**Activity**
Since the listing below shows pictures, leave them out and write out exactly the lines from the line with "Kia EV9 driving down a country road" to the line with "एक हाथ में जेड पेंडेंट थामे हुए", both included, and no others.

**Task material**
────────────────────────────────────────
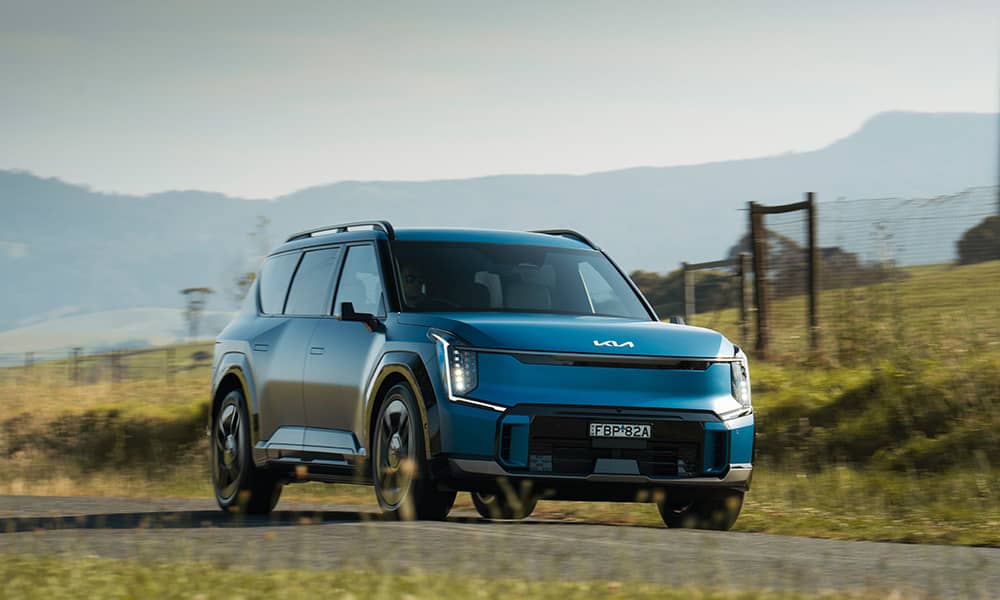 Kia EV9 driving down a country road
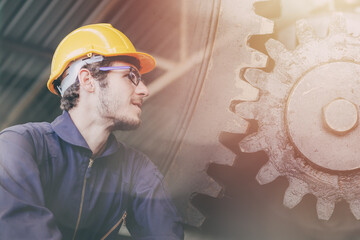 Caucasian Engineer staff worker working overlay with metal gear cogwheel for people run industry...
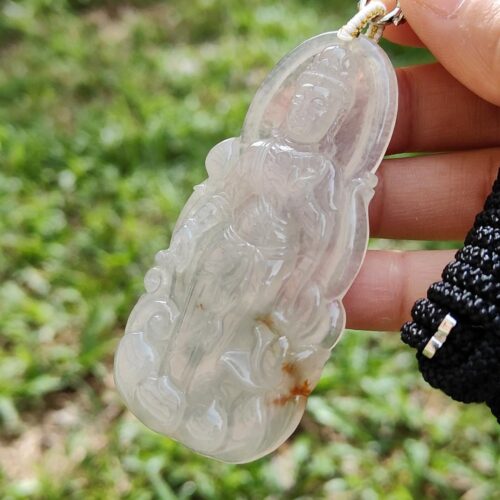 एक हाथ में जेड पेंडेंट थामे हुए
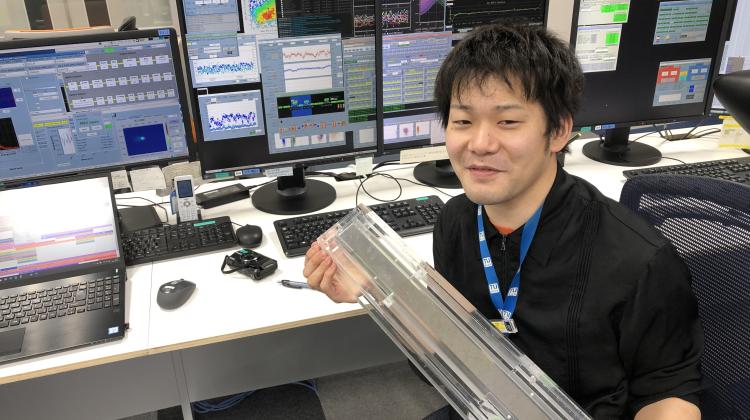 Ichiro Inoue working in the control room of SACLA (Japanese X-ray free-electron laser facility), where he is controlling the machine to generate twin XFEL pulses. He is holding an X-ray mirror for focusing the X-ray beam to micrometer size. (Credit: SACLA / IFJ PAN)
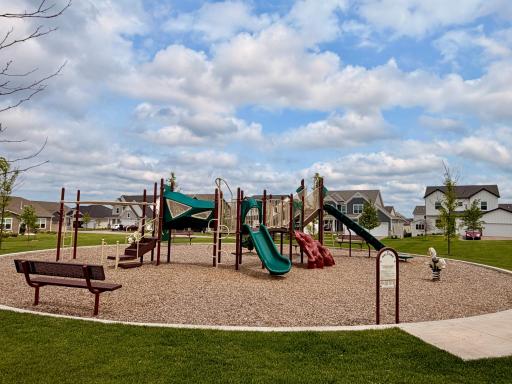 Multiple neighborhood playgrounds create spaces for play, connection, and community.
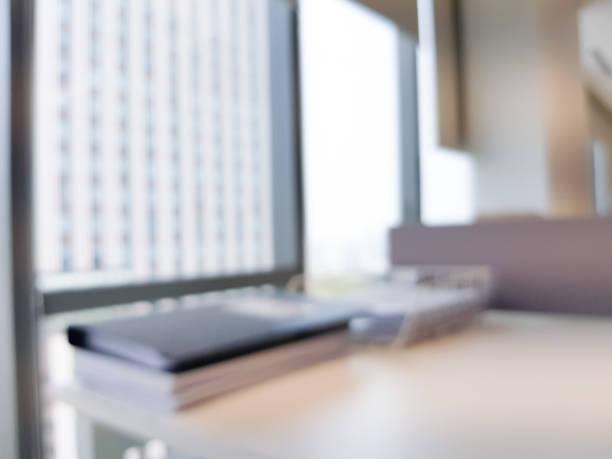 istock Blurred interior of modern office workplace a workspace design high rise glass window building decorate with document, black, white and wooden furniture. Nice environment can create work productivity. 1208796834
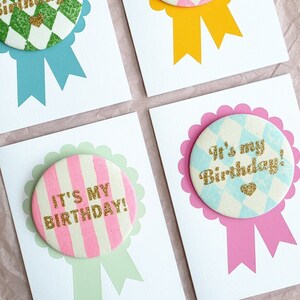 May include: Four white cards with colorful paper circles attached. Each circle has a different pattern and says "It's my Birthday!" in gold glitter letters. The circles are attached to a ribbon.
────────────────────────────────────────
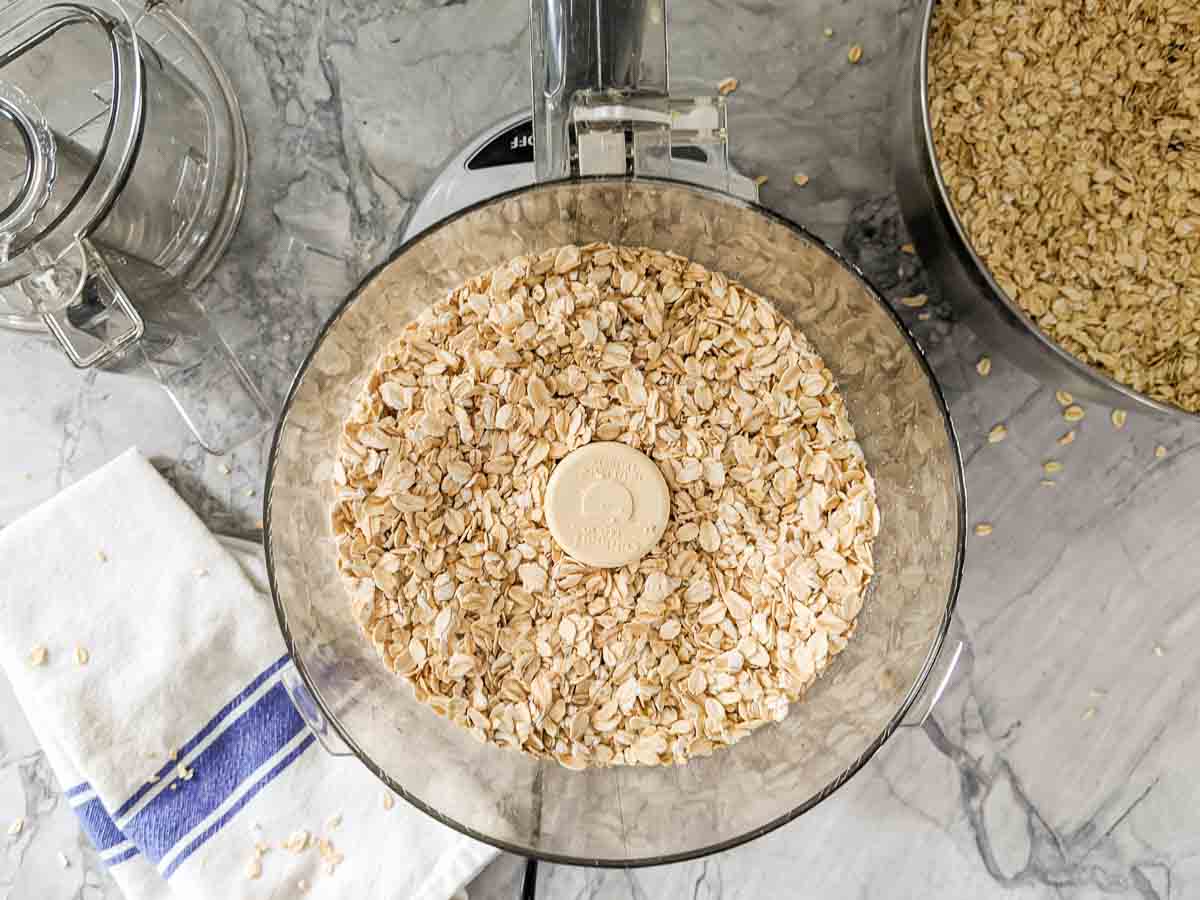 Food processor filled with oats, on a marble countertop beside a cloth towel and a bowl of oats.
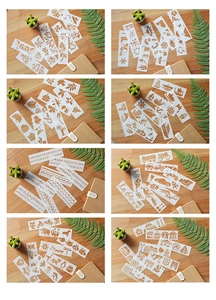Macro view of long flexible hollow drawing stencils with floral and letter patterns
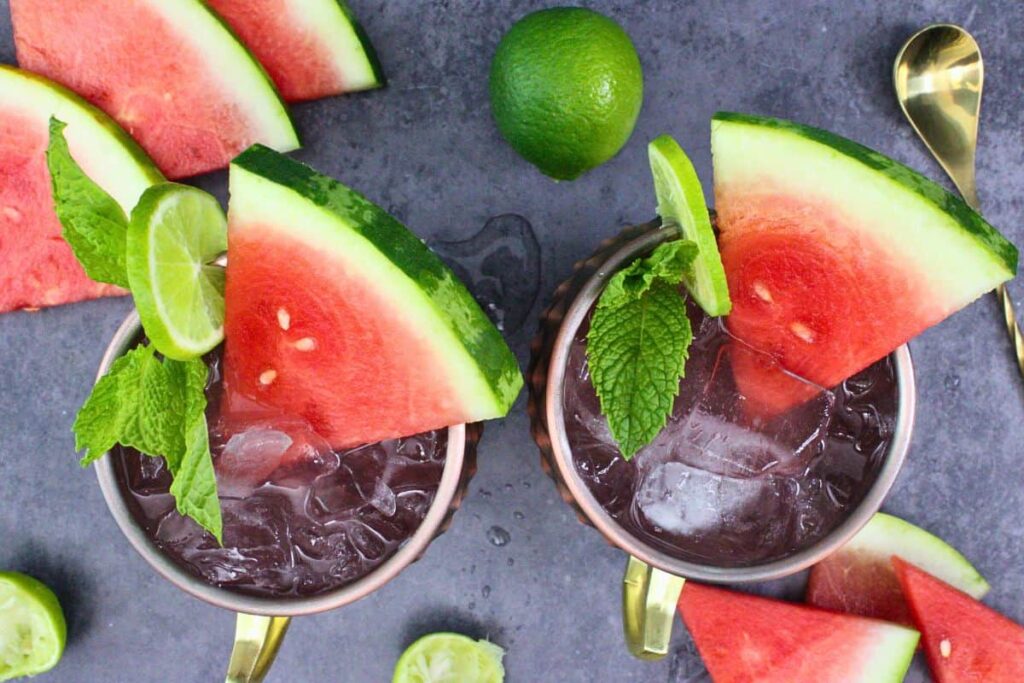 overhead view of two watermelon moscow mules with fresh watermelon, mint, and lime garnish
────────────────────────────────────────
**Exercise answer**
 Kia EV9 driving down a country road
 Caucasian Engineer staff worker working overlay with metal gear cogwheel for people run industry...
 एक हाथ में जेड पेंडेंट थामे हुए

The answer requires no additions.